Il s’agit d’appareiller automatiquement l’offre et la demande via des plateformes grâce à des algorithmes. L’exécution des taches est rétribuée en micro-paiement. Uber eat en est un parfait exemple : L’algorithme t’attribue une commande via l’application, tu prends ton sac à dos, ton vélo, tu vas chercher la commande, la livre à bon port, et tu es rémunéré, aussi bien en argent qu’en notation. L’intérêt de cette pratique, c’est qu’elle exclue tout cadre fiscal et juridique. Ton patron, c’est l’algorithme. Et comment tu veux faire un procès à un algorithme en cas de soucis ? Eh bien, tu ne peux pas, tout simplement. Et c’est tout bénef’ pour l’entreprise.

On assiste ainsi à une accentuation d’une division internationale du travail, profondément défavorable aux pays du sud. Ces micro-paiements sans contrat de travail sont souvent ponctionné par un intermédiaire, qui a juste à fournir la plateforme de rencontre entre l’offre et la demande.

Le micro travail est donc devenu le moteur d’une intelligence artificielle envisagée sous l’angle du machine learning. Je te le répète : le travail ne disparaît au profit des machines, il évolue.

De quoi devenir fou non ?


L'Homme devient lui-même un service

Tu l’aura compris, on a aujourd’hui largement tendance à utiliser l’Homme comme un service à travers les plateformes de services à la demande qui mettent en relation  souvent des particuliers. (Blablacar, Allovoisins, etc...)
Les entreprises ne servent que d’intermédiaire. Les travailleurs qui utilisent leur plateforme ont un statut d’autoentrepreneur, ce qui permet de se délester des charges sociales, du capital à fournir, et j’en passe. Elles gardent cependant un certain contrôle sur ces travailleurs en se cachant derrière l’algorithme, qui peut leur fournir plus ou moins de travail. Ainsi, il n’y a officiellement pas de liens de subordination, mais le fonctionnement un peu pervers de l’algorithme oblige les travailleurs à accepter les commandes sous peine de ne plus s’en voir attribuer du tout…

On assiste donc à un management algorithmique du travail humain, supportées par des technologies paternalistes (Surveiller, punir, récompenser) pilotées par des algorithmes.

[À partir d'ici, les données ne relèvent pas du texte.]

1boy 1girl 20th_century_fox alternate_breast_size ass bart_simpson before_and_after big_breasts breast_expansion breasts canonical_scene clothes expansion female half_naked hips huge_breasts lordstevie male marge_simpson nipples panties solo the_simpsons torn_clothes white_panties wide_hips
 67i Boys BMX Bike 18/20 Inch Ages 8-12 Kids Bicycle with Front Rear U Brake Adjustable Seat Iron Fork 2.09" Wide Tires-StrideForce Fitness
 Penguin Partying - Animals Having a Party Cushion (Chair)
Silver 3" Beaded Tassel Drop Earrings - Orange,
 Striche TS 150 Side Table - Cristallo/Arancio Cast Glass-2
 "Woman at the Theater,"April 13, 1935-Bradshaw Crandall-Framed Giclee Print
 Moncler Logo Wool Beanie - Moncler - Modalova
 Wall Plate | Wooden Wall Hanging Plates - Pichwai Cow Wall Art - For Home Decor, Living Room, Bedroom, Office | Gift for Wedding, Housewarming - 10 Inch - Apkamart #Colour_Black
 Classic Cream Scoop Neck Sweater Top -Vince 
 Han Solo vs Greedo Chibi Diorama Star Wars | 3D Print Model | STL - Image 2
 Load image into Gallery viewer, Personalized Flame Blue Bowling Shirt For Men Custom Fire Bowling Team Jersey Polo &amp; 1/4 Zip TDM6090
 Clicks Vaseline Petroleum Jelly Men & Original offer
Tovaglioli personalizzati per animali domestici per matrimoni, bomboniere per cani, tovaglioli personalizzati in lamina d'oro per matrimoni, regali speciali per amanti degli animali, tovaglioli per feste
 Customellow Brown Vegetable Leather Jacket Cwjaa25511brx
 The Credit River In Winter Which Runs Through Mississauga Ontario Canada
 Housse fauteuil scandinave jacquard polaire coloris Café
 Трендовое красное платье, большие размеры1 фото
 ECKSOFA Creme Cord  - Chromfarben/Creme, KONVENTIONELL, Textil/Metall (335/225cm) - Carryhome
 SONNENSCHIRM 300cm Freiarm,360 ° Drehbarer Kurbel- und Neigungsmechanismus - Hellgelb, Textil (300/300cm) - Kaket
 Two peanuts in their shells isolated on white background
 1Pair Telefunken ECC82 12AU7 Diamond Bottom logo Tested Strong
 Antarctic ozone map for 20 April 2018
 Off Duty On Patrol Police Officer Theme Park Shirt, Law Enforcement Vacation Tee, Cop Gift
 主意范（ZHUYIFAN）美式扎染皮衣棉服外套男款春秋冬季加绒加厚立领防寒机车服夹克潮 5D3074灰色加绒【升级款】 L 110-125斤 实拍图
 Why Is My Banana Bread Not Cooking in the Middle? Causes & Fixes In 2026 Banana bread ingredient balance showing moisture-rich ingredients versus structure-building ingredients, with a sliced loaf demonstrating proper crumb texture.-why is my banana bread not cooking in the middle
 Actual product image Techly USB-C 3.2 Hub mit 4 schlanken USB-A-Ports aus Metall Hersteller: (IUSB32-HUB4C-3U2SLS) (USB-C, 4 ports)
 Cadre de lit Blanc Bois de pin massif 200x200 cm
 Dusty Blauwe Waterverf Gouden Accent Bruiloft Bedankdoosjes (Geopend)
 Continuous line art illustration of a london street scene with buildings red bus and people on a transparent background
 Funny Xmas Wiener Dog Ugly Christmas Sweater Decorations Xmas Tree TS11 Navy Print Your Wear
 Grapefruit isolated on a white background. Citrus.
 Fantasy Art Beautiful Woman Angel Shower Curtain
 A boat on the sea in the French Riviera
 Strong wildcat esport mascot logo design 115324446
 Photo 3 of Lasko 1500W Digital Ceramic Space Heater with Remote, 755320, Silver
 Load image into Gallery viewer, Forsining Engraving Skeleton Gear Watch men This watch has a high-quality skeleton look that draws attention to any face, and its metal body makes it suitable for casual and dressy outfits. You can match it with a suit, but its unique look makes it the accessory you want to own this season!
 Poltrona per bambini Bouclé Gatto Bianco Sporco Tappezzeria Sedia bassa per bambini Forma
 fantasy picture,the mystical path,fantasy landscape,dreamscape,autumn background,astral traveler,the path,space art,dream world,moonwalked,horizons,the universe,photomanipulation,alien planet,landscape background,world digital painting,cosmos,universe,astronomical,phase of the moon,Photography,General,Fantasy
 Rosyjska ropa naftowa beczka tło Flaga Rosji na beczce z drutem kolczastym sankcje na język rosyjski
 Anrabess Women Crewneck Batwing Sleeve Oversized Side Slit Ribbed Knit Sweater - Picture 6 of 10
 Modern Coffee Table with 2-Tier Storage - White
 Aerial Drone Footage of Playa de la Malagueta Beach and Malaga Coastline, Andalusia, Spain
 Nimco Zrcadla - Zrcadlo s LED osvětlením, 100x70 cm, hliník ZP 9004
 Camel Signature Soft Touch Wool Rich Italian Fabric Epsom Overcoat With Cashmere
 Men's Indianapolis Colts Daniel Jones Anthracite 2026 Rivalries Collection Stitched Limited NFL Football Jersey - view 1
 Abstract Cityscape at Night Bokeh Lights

Du point de vue de l’innovation, on a plus de produits, de meilleurs services, et des tarifs bas. C’est aussi un moyen d’arrondir ses fins de mois en travaillant hors institution. Cependant, la flexibilité promise n’est pas aussi « flexible » : Tu ne veux pas accepter cette commande ? Oui bien sûr, tu en as le droit. Mais ne viens pas pleurer si tu te retrouves avec des commandes à 2h du matin, d’un bout à l’autre de la ville, et pour une rémunération médiocre. Tu est loin d’être ton propre patron. Le boss, c’est l’algorithme.